Aerosols - microscopic particles originating from both natural sources (e.g., volcanoes) and human activities (e.g., coal burning).

Albedo - the reflectivity of Earth.

Alternative energy - energy derived from nontraditional sources (e.g., compressed natural gas, solar, hydroelectric, wind).

Biofuel - gas or liquid fuel made from plant material (biomass). Includes wood, wood waste, wood liquors, peat, railroad ties, wood sludge, spent sulfite liquors, agricultural waste, straw, tires, fish oils, tall oil, sludge waste, waste alcohol, municipal solid waste, landfill gases, other waste, and ethanol blended into motor gasoline.

Biomass - technically, the total dry organic matter or stored energy content of living organisms in a given area. Biomass refers to forms of living matter (e.g., grasses, trees) or their derivatives (e.g., ethanol, timber, charcoal) that can be used as fuels.

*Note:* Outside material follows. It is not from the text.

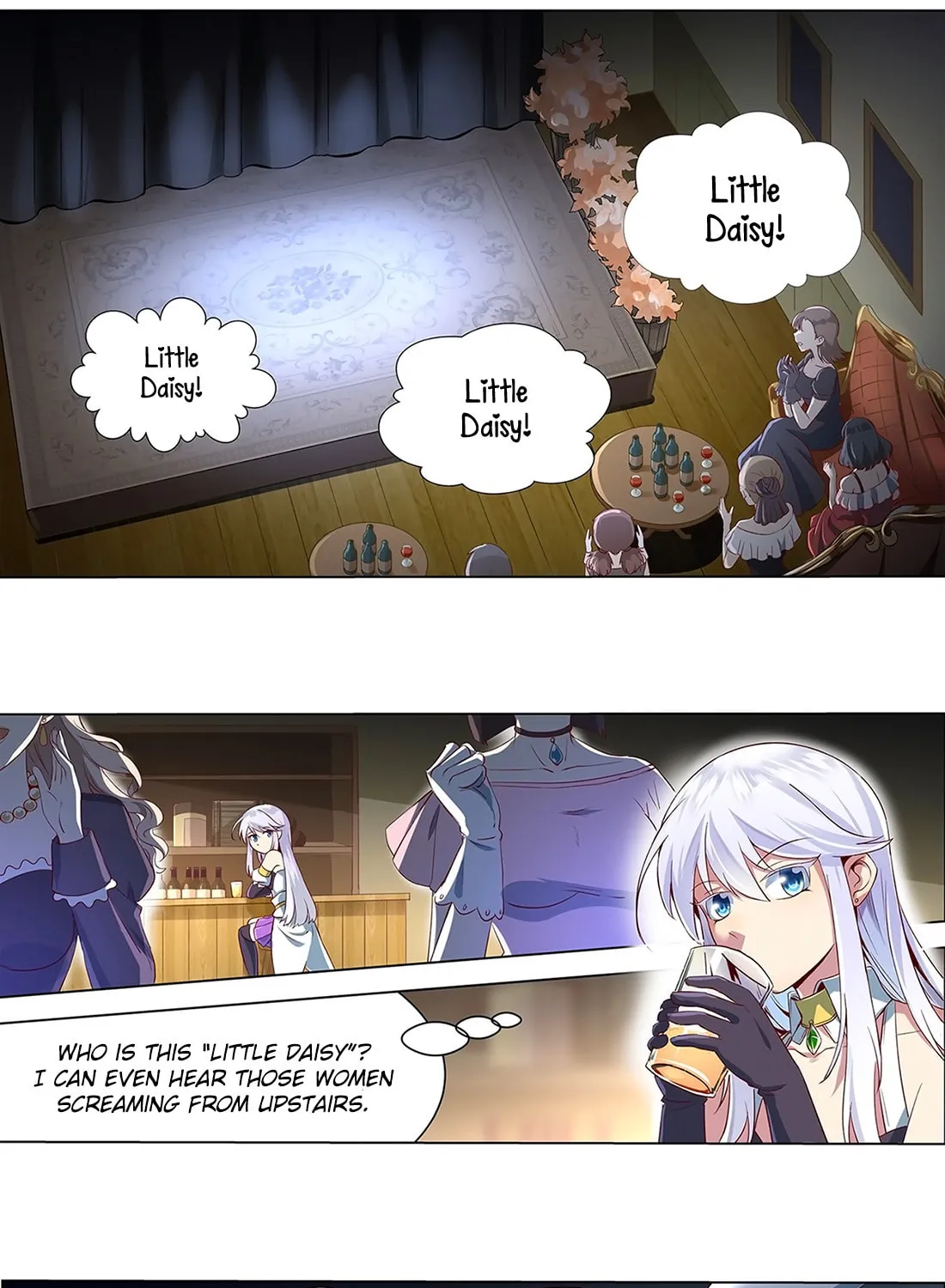 The Laid Off Demon King Chapter 12 page 2 -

Biomass energy - energy produced by combusting biomass materials such as wood. The carbon dioxide emitted from burning biomass will not increase total atmospheric carbon dioxide if this consumption is done on a sustainable basis (i.e., if in a given period of time, regrowth of biomass takes up as much carbon dioxide as is released from biomass combustion). Biomass energy is often suggested as a replacement for fossil fuel combustion.

Carbon cycle - general term used in reference to the sum of all reservoirs and flows of carbon on Earth. The flows tend to be cyclic in nature; for example, carbon removed from the atmosphere (one reservoir) and converted into plant tissue (another reservoir) is returned back into the atmosphere when the plant is burned.

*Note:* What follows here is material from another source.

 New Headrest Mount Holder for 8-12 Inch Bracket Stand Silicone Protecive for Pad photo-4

Carbon reservoir or sink - within the carbon cycle, the physical site at which carbon is stored (e.g., atmosphere, oceans, Earth’s vegetation and soils, and fossil fuel deposits).

Carbon sequestration - The uptake and storage of carbon. Trees and plants, for example, absorb carbon dioxide, release the oxygen and store the carbon. Fossil fuels were at one time biomass and continue to store the carbon until burned. See also Carbon sinks.

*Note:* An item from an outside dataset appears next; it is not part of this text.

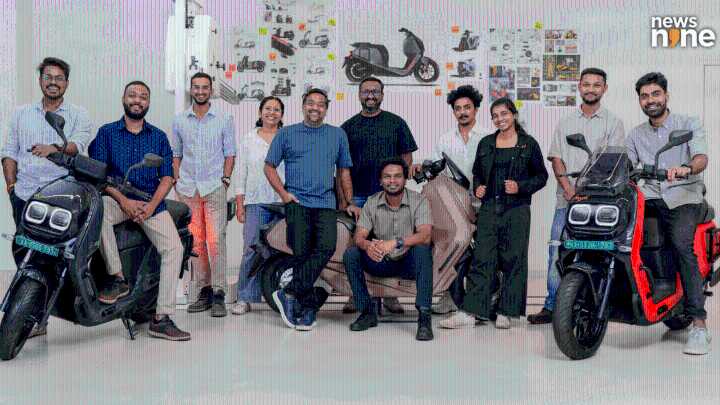 River becomes India’s 1st 2-wheeler brand with Red Dot wins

Chlorocarbon - a compound containing chlorine and carbon; examples include carbon tetrachloride and methyl chloroform, both of which are ozone depleters.

Chlorofluorocarbons (CFCs) - compounds containing chlorine, flourine, and carbon; they generally are used as propellants, refrigerants, blowing agents (for producing foam), and solvents. They are identified with numbered suffixes (e.g., CFC-11, CFC-12) which identify the ratio of these elements in each compound. They are known to deplete stratospheric ozone and also are greenhouse gases in that they effectively absorb outgoing infrared radiation in the atmosphere.

Climate - the average weather together with its variability of representations of the weather conditions for a specified area during a specified time interval (usually decades).

Cogeneration - the simultaneous generation of both electric power and heat; the heat, instead of being discharged without further use, is used in some fashion (e.g., in district heating systems).

Deforestation - converting forest land to other vegetation or uses (e.g., cropland, pasture, dams).

Denitrification - microorganisms taking nitrogen out of its fixed form in the soil and putting it back into the atmosphere. Besides yielding molecular nitrogen (N2), denitrification produces nitrous oxide.

Emissions - flows of gases, liquid droplets or solid particles into the atmosphere. Gross emissions from a specific source are the total quantity released. Net emissions are gross emissions minus flows back to the original source. Plants, for example, take carbon from the atmosphere and store it as biomass during photosynthesis, and they release it during respiration, when they decompose, or when they are burned.

 

Fluorocarbon - a compound containing fluorine and carbon; among these are chlorinated flourocarbons (CFCs) and brominated fluorocarbons (halons).

Emission inventory - a list of air pollutants emitted into a community’s, a state’s, a nation’s, or Earth’s atmosphere in amounts per some unit time (e.g., day or year) by type of source. An emission inventory has both political and scientific applications.

Forest - terrestrial ecosystem (biome) with enough average annual precipitation (at least 76 centimeters or 30 inches) to support growth of various species of trees and smaller forms of vegetation.

Fossil fuel - coal, petroleum, or natural gas or any fuel derived from them.

Global warming - the apparent recent trend of increasing world-surface and tropospheric temperatures, thought to be caused by pollutants, and their “entrapment” of heat. This phenomenon is popularly known as “the greenhouse effect.”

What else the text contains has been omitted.